*WHAT YOU HAVE TO DO*:
The answer should consist of each line below that contains the word "jpeg".

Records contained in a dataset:
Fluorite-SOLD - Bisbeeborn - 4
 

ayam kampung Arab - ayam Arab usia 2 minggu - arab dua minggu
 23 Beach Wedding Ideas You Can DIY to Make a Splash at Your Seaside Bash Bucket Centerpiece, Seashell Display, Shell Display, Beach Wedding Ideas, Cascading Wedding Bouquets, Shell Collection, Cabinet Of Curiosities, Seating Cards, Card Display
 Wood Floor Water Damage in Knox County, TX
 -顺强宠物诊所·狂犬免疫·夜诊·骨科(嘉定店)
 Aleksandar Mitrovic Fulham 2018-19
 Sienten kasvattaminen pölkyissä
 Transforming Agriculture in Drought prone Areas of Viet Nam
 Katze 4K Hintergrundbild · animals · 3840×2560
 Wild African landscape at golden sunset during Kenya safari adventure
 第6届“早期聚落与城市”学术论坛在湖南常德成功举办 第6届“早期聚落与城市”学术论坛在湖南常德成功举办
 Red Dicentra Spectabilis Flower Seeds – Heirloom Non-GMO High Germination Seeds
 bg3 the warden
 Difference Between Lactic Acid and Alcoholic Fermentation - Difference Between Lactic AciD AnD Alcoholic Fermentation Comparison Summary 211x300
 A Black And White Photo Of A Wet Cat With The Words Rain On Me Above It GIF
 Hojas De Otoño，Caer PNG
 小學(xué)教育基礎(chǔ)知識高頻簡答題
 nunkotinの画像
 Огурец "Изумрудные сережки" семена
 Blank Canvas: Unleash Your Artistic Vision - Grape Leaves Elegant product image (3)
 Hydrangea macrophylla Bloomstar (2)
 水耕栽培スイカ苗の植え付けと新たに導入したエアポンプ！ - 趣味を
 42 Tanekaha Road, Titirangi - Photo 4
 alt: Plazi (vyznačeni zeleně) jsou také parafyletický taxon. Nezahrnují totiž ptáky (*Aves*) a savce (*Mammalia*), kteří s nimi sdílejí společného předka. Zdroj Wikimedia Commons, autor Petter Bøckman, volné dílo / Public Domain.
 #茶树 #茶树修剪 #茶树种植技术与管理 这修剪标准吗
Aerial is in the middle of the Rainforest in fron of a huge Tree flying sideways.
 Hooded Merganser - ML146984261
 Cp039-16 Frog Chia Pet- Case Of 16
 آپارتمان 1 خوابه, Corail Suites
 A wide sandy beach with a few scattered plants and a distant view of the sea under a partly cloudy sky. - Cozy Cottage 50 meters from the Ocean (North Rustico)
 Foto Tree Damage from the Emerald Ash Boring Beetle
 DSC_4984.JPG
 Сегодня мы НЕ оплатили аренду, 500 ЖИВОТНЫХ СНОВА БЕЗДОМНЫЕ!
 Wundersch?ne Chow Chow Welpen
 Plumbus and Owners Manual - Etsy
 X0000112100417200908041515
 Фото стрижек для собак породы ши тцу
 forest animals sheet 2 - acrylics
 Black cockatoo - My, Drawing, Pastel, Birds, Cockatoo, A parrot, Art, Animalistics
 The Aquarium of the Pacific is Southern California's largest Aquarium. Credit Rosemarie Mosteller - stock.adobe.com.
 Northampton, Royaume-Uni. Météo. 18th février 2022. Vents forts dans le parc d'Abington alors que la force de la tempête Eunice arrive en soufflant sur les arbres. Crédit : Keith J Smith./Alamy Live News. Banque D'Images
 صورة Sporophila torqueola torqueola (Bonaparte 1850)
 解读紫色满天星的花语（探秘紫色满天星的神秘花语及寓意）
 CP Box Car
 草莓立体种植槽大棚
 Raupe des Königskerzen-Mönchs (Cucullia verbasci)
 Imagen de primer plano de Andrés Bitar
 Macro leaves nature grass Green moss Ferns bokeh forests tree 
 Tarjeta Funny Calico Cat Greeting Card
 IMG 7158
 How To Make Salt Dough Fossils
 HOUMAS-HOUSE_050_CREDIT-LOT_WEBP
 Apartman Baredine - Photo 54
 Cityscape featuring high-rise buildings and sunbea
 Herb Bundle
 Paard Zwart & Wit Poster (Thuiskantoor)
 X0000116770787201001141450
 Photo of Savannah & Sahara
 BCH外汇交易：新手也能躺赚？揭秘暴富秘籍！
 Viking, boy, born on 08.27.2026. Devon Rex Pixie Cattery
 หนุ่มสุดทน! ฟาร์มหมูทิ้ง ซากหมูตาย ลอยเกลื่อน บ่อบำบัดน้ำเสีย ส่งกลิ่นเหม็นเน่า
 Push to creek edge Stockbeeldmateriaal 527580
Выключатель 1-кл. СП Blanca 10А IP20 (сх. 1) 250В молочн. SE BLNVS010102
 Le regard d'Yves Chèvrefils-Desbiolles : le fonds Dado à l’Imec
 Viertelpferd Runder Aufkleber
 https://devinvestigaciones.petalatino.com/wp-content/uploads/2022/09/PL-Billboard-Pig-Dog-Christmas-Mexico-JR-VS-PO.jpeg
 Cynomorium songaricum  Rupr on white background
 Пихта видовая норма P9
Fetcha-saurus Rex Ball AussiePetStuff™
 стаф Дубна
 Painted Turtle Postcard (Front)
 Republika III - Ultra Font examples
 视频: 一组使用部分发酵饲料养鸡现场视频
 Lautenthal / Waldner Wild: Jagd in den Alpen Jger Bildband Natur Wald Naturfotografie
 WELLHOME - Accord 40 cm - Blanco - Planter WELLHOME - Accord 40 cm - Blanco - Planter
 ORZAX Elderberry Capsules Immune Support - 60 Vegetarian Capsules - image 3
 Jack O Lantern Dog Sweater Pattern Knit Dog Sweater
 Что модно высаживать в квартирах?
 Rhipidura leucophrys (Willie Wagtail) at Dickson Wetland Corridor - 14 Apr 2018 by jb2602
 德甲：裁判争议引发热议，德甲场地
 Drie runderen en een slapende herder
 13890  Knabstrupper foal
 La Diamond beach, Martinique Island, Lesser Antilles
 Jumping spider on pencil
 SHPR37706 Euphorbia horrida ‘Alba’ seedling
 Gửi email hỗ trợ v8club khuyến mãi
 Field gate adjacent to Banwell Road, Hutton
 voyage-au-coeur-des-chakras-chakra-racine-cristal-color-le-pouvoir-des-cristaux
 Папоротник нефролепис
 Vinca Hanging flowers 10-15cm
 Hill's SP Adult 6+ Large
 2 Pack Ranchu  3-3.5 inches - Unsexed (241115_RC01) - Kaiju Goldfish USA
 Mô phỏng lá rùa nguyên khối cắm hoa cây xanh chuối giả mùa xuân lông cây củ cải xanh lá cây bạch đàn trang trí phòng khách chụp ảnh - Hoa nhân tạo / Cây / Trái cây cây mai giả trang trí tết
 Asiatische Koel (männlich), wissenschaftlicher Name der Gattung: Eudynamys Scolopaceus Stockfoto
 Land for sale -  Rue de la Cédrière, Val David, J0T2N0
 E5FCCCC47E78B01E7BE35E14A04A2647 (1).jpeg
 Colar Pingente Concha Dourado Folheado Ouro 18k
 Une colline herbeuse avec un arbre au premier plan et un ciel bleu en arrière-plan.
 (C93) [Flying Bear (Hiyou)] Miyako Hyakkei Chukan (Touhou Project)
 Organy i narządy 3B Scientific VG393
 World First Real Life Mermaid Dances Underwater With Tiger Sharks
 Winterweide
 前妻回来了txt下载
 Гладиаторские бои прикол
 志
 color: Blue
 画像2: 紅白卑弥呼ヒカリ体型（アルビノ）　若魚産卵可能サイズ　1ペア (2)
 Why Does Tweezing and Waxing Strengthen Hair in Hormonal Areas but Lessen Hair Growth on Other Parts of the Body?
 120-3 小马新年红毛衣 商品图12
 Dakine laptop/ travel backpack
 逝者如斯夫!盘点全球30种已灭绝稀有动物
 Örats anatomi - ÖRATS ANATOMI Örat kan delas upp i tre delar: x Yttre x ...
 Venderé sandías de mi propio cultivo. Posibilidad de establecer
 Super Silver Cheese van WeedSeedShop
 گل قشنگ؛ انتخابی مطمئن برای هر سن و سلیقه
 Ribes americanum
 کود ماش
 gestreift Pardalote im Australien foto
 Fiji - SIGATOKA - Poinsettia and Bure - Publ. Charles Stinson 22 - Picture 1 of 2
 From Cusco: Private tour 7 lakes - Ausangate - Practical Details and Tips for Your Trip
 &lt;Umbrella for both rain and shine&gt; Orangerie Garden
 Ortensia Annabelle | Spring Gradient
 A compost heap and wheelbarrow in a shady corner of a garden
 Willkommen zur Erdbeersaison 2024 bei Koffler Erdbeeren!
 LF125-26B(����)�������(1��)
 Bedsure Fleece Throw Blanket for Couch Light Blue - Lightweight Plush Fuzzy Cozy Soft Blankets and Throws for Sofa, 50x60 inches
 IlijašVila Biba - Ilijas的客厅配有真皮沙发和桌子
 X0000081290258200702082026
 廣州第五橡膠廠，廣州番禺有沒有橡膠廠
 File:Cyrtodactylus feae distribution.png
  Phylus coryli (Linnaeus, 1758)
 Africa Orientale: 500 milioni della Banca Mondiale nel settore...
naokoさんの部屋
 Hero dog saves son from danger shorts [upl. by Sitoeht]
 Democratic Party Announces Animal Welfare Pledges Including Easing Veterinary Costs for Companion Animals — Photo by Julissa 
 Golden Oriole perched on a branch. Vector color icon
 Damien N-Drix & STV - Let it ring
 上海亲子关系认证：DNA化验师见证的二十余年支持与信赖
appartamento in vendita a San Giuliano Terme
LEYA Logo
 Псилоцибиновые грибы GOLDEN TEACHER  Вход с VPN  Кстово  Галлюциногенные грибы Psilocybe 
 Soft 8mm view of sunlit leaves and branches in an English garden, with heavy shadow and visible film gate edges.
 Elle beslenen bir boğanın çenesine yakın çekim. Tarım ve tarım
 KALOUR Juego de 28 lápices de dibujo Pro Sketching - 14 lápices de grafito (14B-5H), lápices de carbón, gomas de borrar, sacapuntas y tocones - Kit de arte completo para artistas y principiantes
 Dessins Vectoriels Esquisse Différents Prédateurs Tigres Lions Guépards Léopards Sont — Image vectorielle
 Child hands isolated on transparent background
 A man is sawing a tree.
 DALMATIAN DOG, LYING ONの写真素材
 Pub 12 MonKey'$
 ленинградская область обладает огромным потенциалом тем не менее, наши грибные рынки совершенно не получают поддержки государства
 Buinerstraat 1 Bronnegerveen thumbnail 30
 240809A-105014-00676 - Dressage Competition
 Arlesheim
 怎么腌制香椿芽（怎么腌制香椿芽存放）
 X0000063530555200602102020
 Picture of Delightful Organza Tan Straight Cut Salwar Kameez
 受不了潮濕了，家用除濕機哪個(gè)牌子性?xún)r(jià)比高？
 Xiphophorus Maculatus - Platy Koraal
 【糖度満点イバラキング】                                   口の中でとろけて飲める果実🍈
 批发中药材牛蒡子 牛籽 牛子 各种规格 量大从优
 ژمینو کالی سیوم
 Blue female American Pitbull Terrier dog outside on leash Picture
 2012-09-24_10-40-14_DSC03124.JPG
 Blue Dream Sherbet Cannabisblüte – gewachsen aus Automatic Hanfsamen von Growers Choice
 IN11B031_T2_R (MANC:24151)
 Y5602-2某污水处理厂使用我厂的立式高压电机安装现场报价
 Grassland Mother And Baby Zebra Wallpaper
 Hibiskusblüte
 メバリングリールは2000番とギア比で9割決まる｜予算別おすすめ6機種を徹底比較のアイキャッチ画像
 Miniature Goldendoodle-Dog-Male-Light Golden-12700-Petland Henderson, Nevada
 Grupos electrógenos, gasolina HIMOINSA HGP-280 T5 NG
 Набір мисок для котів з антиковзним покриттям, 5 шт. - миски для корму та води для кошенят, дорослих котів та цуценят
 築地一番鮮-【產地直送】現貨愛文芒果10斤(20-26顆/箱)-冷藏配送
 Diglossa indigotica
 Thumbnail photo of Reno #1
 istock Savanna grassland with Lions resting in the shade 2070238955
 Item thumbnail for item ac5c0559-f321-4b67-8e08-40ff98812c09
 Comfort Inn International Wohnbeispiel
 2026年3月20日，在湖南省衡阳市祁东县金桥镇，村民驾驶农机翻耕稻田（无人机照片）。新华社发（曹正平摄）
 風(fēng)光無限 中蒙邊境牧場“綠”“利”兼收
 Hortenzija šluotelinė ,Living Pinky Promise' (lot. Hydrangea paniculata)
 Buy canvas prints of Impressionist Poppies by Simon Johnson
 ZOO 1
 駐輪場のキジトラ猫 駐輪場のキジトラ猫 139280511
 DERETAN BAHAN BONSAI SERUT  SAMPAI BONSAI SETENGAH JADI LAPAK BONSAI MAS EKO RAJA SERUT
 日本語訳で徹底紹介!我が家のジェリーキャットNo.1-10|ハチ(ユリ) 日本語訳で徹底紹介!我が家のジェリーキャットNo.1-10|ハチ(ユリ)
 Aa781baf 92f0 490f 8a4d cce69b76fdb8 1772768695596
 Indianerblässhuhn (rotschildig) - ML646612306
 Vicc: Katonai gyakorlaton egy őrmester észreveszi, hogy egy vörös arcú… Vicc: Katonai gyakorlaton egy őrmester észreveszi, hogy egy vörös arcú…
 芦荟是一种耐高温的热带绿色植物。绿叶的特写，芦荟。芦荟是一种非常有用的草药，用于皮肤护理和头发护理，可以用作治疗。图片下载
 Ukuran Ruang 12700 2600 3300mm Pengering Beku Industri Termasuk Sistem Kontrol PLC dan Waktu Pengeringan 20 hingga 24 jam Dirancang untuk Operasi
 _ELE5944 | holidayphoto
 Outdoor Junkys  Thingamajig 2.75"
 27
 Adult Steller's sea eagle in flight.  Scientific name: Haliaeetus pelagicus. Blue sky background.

*ANSWER BOX*:
 https://devinvestigaciones.petalatino.com/wp-content/uploads/2022/09/PL-Billboard-Pig-Dog-Christmas-Mexico-JR-VS-PO.jpeg
 E5FCCCC47E78B01E7BE35E14A04A2647 (1).jpeg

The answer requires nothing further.